The communists and the environment: was it all bad?

Petr Pavlinek

A conference has just ended in Prague that proves that not all historians are detached from reality in their ivory towers. Several hundred historians from over 20 different countries converged on the city for a week to discuss their research on one of the burning issues of today, the environment and how it is treated. You only had to look at the subjects of some of the presentations - for example looking at the history of the way Central Europeans have dealt with floods, to see that such research is of more than passing interest to today's society. David Vaughan was at the conference.

Petr Pavlinek
Here in the Czech Republic, one of the most fascinating questions is how the communist era affected both the environment and the way we look at it now. The Czech historian, Petr Pavlinek, has come to the surprising conclusion that the myth that the communist regime did nothing for the environment is far from true:

"I would say that the environmental crisis in the former Czechoslovakia culminated in the early 1980s and that the regime actually realized in the early 1980s the danger that the environmental disaster could pose for its long-term survival. So actually in about the mid-1980s the regime decided to spend a lot of money to improve the environment, and if you look at the scientific data about air pollution, for example, the level of pollution started to decline in the second half of the 1980s. And I would also argue that some of the successes in the environmental clean-up that we saw in the early 1990s were based on the policies that were initiated by the communist government."

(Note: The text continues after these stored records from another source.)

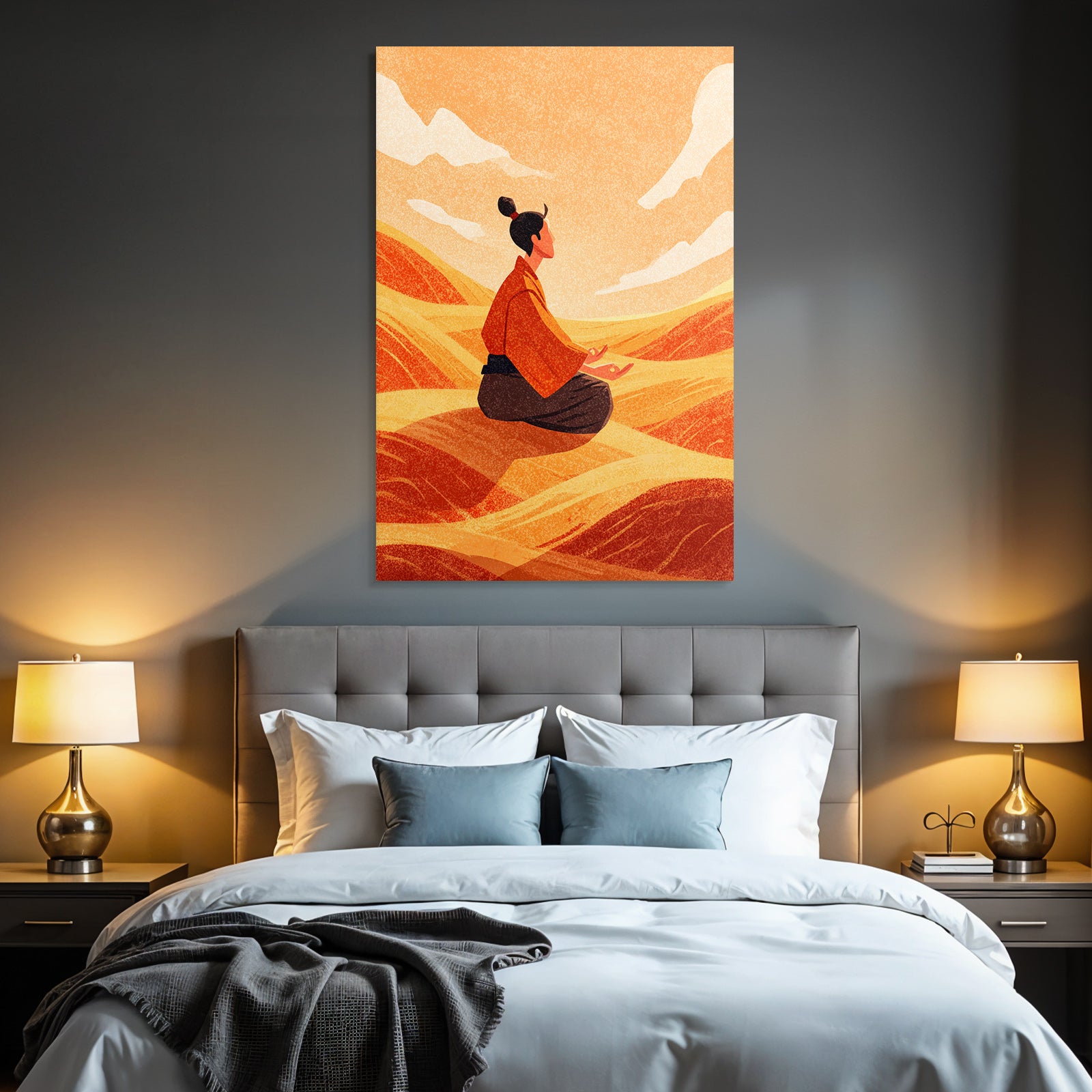 Yoga Meditation Meditierender Mensch In Stilvollem Landschaft Sanfte Hügel Orangener Himmel | Yoga und Meditation | Themen und Hobbys
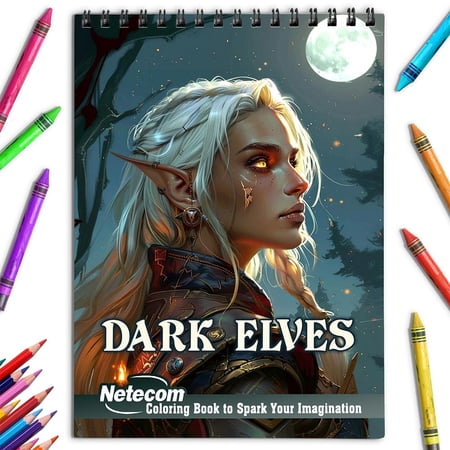Netecom Dark Elves Coloring Book for Adults Spiral Bound Soft Cover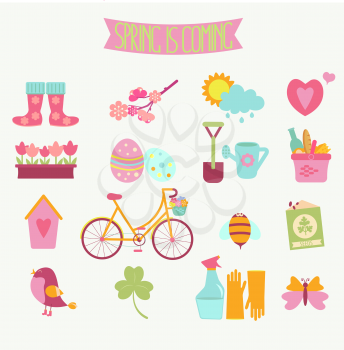 set of colorful spring icons. Vector illustration.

And how would you say that the traces of what was going on then in the 1980s are to be felt today in the way that politicians approach the environment or the public sees the environment in dealing with problems of the environment?

"The way we think about the environment today was formed largely before 1989, so some politicians would think about the environment as a luxury we can afford only after we successfully rebuild the economy. In a way this is the same way the communist politicians thought about the environment, as a luxury after we build a strong economy, after we catch up and overtake the capitalist countries."

John McNeill
Studies like the research being carried out by Petr Pavlinek are in many ways pioneering, but as the American environmental historian John McNeill points out, it is still hard to get an overall picture:

"It's possible to get an increasingly detailed sense of the environmental history of communist Europe, but it has never been synthesized, nobody has pulled it together and provided the level of analysis and interpretation that would make it accessible either to historians in general or to the public at large. There's a great opportunity actually for a scholar or even a journalist with the right skills and interests to pull it all together."

Verena Winiwarter
We are reminded of the old regime's environmental legacy almost daily, not least in the tense relations between the Czech Republic and Austria over nuclear power. By coincidence the conference's main organizer, Verena Winiwarter, teaches at the University of Vienna, so before I left, I asked her whether this tension is also felt among historians.

"I think that my Czech colleagues and myself are on the same side of the discussion in both our countries. We're not so much concerned about the trans-boundary pollution, we're concerned about pollution in a much more general sense. So there has never been any kind of tension in any way because of the political situation."